Two questions from very different students stuck out: one, from a student of colour who asked me a question that at first stumped me and almost caused me to do a double take. She is from Scarborough, which in my parlance is immigrant-rich. Her question (I paraphrase): Why should the white folks in Scarborough care about diversity? What’s in it for them? Why should they care?

The second intriguing question came from a white student who, while recognizing the need for diversity and acknowledging that he would face fewer barriers than some of his classmates of colour, asked, ‘What can I do to be more diverse in the journalism I practice as a future professional?’

These questions came from a classroom that was far more representative of the Canadian population than the graduate class I attended at Carleton in 2002-2003 as a newcomer to Canada. The students I was speaking to were a “colourful” bunch, without necessarily implying that any of them were foreign-born or immigrant themselves, but rather “colour” as the easiest signifier of diversity. They seemed to have diversity ingrained in them.

To the question about Scarborough, I spoke at some length to the “demographic drivers” that will upend our current understanding of “minority” communities. For example, Canada reached a tipping point last year when all our labour market growth came from immigration. More importantly, I said, since the 1970’s, our newcomers have come from Asia, Africa and Latin America—not western and central Europe, unlike in the decades before.

These newcomers are not only adding continually to the “visible minority” population, but they bring worldviews and socio-political mores that are very different from earlier generations of immigrants to Canada. Mosques and churches are filling up. Canada is being re-imagined before our very eyes.

Part of the explanation for the rise of a new populist sentiment in the U.S. has been attributed to the looming ‘white minority’ scenario that hovers over America. Current demographic projections suggest that whites will be outnumbered by Hispanics, blacks, Asians and multi-racial Americans by 2044.

So, understanding the cultural and socio-political mores of our newcomers is not just a good thing to do, it’s the smart thing to do. A journalism rooted in the mirror principle—that is, a newsroom that reflects the society it is writing about—will help us navigate the intervening years of change.

Journalists of tomorrow, like the white graduate student who asked me the question, are a further guarantee that we can contemplate a future that is much more diverse in its thinking and outlook. He wanted practical advice. I pointed to a recent piece I wrote for Policy Options “Privileging Diversity in Canadian Newsrooms” (which was required reading for this particular class), suggesting that legacy news organizations should tap into the rich cadre of ethnic media journalists to be better able to portray multicultural Canada.

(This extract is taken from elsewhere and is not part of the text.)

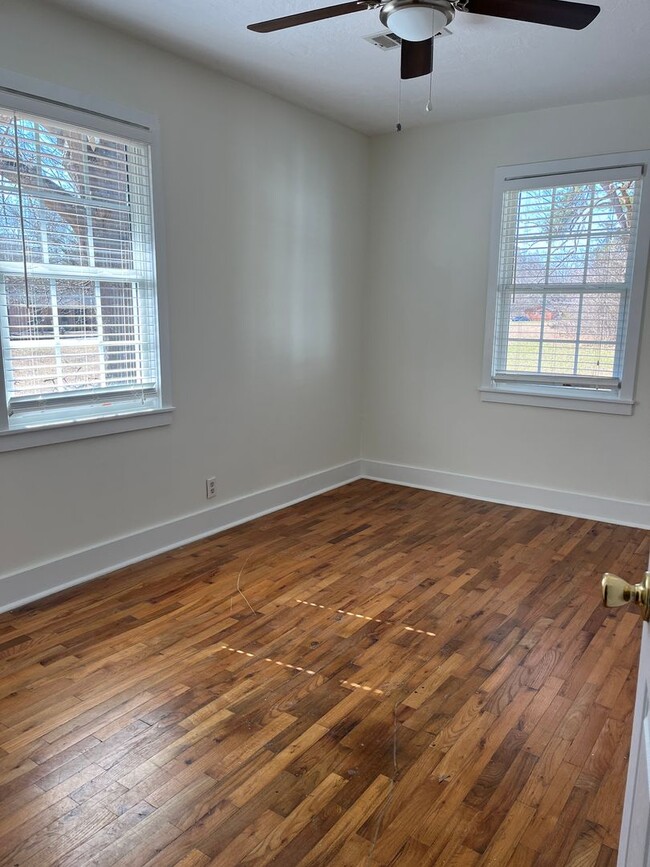 Building Photo - 209 Lincoln Ave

There are literally hundreds of news organizations that serve immigrant communities in all kinds of media formats. Their reporters represent an under-used talent. They could report from within their communities, offering the colour, texture and nuance that are so sadly lacking in our present journalism.

Having more diverse voices, names and faces reflected on our pages, websites, TV screens and on radio, would help restore the credibility of journalists in the eyes of many Canadians. God knows we need to be more credible than used car salesmen. It would revive hyper-local reporting – inexpensively. It would raise professional standards across the board, offering a lifeline for hundreds of immigrants who arrived in this country wanting to be journalists, but never got a break.

It would surely address the mirror part of the much-hyped Shattered Mirror report put out by the Public Policy Forum. (Full disclosure: I participated in the Forum’s Ottawa roundtable and wrote a Memo on ethnic media for the report.)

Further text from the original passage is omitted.